In May, Grace Pinegar received an email from her landlord informing her that her New York City apartment’s rent would increase by $700 if she decided to renew her lease. Her landlord justified the rent hike because “it’s what the apartment’s worth.” 

So, like other New Yorkers frustrated with rising rents in the city, Pinegar turned to TikTok. 

In her video, Pinegar shows her landlord’s email and then repeats the phrase “it’s what the apartment’s worth” while showing all the elements of her apartment building that she finds unworthy of the rent increase: a graffitied entryway, mailboxes with apartment numbers written on them in Sharpie, dirt, and grime on hallway floors, exposed and rusted pipes, chipped wood floors and walls, peeling paint, and cockroaches.

“Don’t move to NYC right now,” Pinegar wrote in her video’s caption. In a June interview with the Daily Dot, Pinegar said that she hopes that viewers of her TikTok know that “tenants have more rights than landlords and property managers would like for us to believe.”

Many New Yorkers identified with James’ frustration and used her sound in their TikToks about rent increases. Others independently posted about their rent hikes, with some saying that they felt extorted by their landlords.

Disgruntled New York tenants aren’t the only ones sharing their experiences on TikTok. A quick scroll through the #NYCHousing hashtag on TikTok shows videos from New York real estate agents, affordable housing advocates, New York-based TikTokers showing their current apartments and rent information, and affordable housing lottery winners.

With all of those videos, views, and comments, TikTok is one of the main places where New York City real estate is discussed online. Tips and tricks are shared quicker than they could be in Facebook groups and Reddit threads, thanks to TikTok’s hyper-localized algorithm. 

The price of living

New York-based TikTokers aren’t exaggerating: It is really expensive to live in the city. 

According to an October 2022 National Rent Report from Zumper, an online apartment rental platform, New York City is the most expensive place to rent in the country. The median rent for a one-bedroom apartment is $3,860; the next highest median rent for a one-bedroom in Boston is $800 less. The median monthly rent nationwide was $2,002 in September, reports Rent, a site that produces research surrounding housing. 

And though New York prices have always been higher than other cities, the city’s available low- and middle-income housing has hit a 30-year low, and New York’s Rent Guidelines Board voted to raise rent-stabilized apartments’ yearly rates by at least 3.25% in May. “Rent stabilized” means landlords are unable to increase an apartment’s rent unless under specific circumstances.
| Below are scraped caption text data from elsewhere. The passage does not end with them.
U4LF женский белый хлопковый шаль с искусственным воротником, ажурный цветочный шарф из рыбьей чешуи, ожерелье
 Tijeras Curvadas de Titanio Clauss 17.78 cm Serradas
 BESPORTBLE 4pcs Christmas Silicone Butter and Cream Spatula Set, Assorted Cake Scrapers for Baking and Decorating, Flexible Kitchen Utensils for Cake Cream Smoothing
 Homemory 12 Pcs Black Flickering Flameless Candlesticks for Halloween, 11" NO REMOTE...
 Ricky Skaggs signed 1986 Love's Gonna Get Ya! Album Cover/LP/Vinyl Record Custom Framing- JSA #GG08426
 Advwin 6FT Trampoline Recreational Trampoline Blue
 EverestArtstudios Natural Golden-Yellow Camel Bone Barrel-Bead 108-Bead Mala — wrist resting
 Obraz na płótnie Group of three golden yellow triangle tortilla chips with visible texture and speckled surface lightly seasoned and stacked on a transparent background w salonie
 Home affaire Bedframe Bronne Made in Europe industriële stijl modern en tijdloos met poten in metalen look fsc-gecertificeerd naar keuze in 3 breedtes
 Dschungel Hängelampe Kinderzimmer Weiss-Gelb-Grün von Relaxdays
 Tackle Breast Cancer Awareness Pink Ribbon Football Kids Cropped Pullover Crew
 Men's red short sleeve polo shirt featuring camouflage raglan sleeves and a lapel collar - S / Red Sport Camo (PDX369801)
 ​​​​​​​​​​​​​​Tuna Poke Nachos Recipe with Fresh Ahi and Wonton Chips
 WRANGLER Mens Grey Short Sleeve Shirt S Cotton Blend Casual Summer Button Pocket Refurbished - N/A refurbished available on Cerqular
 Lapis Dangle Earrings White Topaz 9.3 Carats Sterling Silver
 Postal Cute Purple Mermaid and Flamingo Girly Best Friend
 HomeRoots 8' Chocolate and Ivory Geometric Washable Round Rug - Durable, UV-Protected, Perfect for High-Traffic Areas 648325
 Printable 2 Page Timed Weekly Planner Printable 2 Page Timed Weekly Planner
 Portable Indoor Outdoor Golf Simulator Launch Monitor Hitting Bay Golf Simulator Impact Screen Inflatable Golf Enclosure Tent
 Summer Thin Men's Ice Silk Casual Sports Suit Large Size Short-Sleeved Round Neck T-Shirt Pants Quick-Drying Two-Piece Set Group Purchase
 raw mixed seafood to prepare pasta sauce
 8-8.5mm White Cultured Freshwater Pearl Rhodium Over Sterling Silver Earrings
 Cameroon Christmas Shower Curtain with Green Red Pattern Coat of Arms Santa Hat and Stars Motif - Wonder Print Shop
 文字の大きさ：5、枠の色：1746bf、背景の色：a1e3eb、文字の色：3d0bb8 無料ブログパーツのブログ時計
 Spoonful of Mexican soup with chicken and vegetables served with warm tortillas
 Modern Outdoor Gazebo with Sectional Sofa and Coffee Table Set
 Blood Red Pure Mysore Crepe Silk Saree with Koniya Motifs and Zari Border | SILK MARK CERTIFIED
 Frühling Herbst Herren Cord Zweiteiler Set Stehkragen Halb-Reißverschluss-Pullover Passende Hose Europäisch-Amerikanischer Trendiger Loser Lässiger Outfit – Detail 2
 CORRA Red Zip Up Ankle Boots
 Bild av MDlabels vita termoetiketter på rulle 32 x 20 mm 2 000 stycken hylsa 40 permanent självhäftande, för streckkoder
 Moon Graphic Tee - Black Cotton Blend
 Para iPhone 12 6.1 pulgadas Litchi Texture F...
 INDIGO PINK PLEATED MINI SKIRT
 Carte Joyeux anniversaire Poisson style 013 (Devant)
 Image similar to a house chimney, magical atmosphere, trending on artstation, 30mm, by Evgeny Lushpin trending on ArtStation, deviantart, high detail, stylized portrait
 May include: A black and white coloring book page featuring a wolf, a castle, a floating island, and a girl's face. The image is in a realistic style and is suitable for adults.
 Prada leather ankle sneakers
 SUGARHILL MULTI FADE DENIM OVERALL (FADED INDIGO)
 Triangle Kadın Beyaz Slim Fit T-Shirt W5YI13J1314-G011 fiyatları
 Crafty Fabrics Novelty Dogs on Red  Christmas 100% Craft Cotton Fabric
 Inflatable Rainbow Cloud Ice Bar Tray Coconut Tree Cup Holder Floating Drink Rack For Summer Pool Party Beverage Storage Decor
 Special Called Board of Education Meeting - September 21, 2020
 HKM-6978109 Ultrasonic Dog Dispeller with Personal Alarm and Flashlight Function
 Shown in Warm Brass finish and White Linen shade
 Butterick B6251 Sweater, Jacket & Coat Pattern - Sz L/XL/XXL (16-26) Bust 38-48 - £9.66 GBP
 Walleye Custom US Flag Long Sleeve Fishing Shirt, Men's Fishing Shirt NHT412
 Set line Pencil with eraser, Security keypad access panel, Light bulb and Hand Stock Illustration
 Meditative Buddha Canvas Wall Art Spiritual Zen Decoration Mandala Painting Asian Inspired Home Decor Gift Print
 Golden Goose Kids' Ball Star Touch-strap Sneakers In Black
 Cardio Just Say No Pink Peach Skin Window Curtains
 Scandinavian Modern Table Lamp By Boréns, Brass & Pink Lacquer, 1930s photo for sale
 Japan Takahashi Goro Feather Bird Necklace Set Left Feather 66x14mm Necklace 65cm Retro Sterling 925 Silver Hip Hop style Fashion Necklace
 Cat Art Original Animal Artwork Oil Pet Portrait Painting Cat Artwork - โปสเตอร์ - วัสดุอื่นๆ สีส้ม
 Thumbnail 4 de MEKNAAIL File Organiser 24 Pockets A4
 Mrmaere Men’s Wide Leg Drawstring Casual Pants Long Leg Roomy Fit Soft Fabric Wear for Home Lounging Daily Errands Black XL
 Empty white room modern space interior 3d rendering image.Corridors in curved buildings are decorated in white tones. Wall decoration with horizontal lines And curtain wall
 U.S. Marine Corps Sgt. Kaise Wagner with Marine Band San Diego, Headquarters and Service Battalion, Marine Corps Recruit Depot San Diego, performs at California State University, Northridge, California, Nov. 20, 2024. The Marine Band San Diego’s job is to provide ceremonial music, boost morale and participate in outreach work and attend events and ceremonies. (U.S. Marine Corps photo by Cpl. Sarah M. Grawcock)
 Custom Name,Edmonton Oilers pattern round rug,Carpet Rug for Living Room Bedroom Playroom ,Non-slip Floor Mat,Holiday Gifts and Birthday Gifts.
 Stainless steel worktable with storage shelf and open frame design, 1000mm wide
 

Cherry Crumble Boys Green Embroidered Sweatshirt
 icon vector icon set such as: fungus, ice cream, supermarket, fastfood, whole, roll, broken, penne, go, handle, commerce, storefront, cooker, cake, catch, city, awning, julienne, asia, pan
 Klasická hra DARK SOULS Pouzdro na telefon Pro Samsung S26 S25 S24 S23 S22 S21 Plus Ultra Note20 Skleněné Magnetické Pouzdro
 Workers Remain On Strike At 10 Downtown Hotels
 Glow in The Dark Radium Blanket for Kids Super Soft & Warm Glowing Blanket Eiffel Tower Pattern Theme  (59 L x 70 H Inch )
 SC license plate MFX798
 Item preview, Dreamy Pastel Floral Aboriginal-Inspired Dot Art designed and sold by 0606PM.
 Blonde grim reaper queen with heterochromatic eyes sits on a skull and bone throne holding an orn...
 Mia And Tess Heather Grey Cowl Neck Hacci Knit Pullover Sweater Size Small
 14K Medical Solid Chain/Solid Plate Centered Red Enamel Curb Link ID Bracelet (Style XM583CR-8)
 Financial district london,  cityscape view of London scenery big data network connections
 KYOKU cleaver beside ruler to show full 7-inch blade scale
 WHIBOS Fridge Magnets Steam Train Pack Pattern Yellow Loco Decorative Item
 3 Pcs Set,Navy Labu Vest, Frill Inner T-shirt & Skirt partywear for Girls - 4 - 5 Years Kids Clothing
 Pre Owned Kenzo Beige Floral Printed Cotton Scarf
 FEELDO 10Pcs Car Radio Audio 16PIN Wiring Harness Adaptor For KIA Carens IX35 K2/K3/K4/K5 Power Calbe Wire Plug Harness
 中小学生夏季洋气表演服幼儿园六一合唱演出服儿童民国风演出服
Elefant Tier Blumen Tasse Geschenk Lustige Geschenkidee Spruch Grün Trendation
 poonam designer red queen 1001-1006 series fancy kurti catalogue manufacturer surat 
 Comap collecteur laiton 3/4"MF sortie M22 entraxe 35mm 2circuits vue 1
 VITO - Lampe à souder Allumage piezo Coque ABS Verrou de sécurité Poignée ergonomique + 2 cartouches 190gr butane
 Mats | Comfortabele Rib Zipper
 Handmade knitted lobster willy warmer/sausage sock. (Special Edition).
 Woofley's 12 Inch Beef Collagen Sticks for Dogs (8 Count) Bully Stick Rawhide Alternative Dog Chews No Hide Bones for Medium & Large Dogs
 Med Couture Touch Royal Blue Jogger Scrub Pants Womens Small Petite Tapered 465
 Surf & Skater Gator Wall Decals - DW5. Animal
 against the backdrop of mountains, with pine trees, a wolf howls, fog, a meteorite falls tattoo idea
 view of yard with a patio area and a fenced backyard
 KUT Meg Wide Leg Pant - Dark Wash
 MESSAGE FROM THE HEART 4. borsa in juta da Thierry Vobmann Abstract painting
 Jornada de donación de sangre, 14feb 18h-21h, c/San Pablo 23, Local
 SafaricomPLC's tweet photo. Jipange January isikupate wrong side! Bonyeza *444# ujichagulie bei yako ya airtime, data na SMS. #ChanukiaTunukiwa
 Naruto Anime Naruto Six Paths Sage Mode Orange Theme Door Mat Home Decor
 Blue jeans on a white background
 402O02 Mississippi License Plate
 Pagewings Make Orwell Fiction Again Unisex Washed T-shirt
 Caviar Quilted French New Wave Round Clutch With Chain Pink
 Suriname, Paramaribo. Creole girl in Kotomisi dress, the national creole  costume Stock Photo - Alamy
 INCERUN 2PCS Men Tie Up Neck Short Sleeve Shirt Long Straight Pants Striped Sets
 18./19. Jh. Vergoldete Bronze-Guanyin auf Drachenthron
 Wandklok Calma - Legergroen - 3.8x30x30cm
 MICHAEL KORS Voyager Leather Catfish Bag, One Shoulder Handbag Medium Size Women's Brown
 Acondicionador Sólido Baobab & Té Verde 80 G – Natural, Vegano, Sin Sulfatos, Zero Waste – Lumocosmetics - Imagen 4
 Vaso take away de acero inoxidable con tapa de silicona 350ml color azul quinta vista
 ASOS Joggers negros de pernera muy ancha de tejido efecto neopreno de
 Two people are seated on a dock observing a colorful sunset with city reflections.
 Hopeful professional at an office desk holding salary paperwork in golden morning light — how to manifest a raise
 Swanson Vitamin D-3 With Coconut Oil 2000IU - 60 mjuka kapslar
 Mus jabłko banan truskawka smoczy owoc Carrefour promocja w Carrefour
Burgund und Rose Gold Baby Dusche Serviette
Plus, almost 90,000 rent-stabilized apartments were vacant in 2021. Evan Rugen, known as @boweryboi on TikTok, says with fewer apartments available for rent and demand for apartments in the city remaining consistent, landlords will raise rents. 

“It’s just simple supply and demand,” Rugen, a New York real estate agent and broker who runs a real estate development firm focusing on the Hudson Valley, told the Daily Dot.

Rugen shows the effects of the decreased supply of available apartments in his TikTok videos. In a July TikTok, Rugen said that over “200 people showed up” to tour an East Village apartment he was showing. (Anecdotally, when touring apartments in Manhattan and Brooklyn, a real estate agent is usually accompanied by only one or two renters.)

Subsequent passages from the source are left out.